You have not been convicted of a felony, significant misdemeanor, or three or more other misdemeanors, and do not otherwise pose a threat to national security or public safety.
Can I Get DACA if I Previously Worked Without a Work Permit?
Yes! Even if you’ve previously worked without a work permit, you can still apply for DACA. In fact, for initial DACA applications, one of the ways that USCIS suggests you could prove you were in the U.S. on June 15, 2012 is by submitting employment records, such as pay stubs or W-2 tax documents. USCIS guidance also allows your employer to provide information to support your DACA application.
USCIS does not share this information with U.S. Immigration and Customs Enforcement (ICE), the Department of Homeland Security (DHS) agency in charge of immigration enforcement and removal proceedings.
How To Apply for DACA
To submit a first-time Deferred Action for Childhood Arrivals (DACA) application, you must do three main things. First, you must complete and sign the required forms for the program. Then, you need to gather all the required supporting documents. Finally, mail both the forms and supporting documents to U.S. Citizenship and Immigration Services (USCIS).
Step 1: Complete and Sign the USCIS Forms
To submit a new DACA application and get work authorization, you must file these three forms:
Form I-821D: Consideration of Deferred Action for Childhood Arrivals
Form I-765: Application for Employment Authorization
Form I-765WS: Worksheet for Form I-765
There are also optional USCIS forms you can submit with your application, depending on whether you’re interested in added benefits:
If you would like to travel outside of the U.S. as a DACA recipient, you must also complete Form I-131, Application for Travel Document, so you can be granted Advance Parole once USCIS approves your DACA request.
If you would like to receive email notifications about your DACA application, you should complete Form G-1145 as well.
If you want to pay your filing fees with a credit card, you must submit Form G-1450: Authorization for Credit Card Transactions with your application.
You can download the latest version of all these forms from the USCIS website.
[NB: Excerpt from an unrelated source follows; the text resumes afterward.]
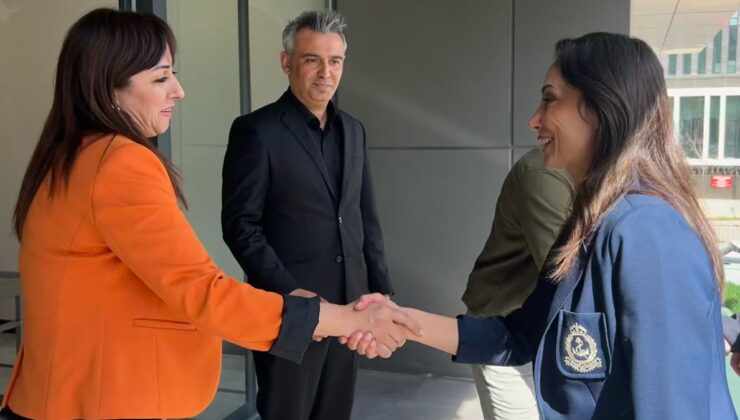 DEM Parti heyeti DİSK’i ziyaret etti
Step 2: Gather Supporting Documents & Pay the Filing Fee
In addition to the forms above, you must also submit two recent passport photos with your application and pay the filing and biometrics fees. Most drugstores with photo services will provide passport photos.
The total fee for a DACA application is $495. The full charge includes the $410 work authorization fee for the Form I-765 and an $85 biometrics fee. You can pay the fees either with a credit card or by check or money order. Make your check or money orders payable to the order of “U.S. Department of Homeland Security” so that USCIS can receive and process your payment.
In addition, you must submit these documents with your USCIS forms, filing fees, and passport photos for a new DACA application. You must submit the following:
Proof you came to the United States before your 16th birthday
Proof of expired immigration status (if applicable)
Proof that you have been living in U.S. since June 15, 2007 and were in the U.S. on June 15, 2012
Proof that you are currently a student (if applicable)
Proof that you are a U.S. Coast Guard or U.S. Armed Forces veteran who was honorably discharged (if applicable)
Our supporting document checklist provides more information about how to get these documents for your DACA application.
Step 3: Mail Your Application Packet to USCIS
When you’re ready to apply for DACA, organize your forms, filing fees, passport photos, and supporting documents into a filing packet. Mail the packet to the appropriate USCIS lockbox or service center. Consult USCIS to find the specific mailing address information.
It is helpful to include a cover letter with your filing packet that lists the forms and documents included in your application. A cover letter will make it easier for USCIS to review your application. You are welcome to use this sample DACA application cover letter as a template.
You should also make copies of everything in your application packet (including your check or money order) for your records. You should not submit original documents for anything other than passport photos to USCIS because you may not get them back. Instead, submit copies of these documents with your application packet.
What Is the DACA Application Time Frame?
A typical DACA application takes 6-12 months to process. During that time, U.S. Citizenship and Immigration Service (USCIS) will send several notices about your application to the mailing address that you provided on your paperwork. Most people who apply for DACA and employment authorization receive the following notices in order.
Receipt Notice (2-3 Weeks After You File)
You will receive a notice that USCIS has received your application 2-3 weeks after you mail it to USCIS. This notice will contain a unique code called a receipt number that consists of three letters and 10 numbers. For example, “ABC1234567891. You can use this code to track the status of your application online.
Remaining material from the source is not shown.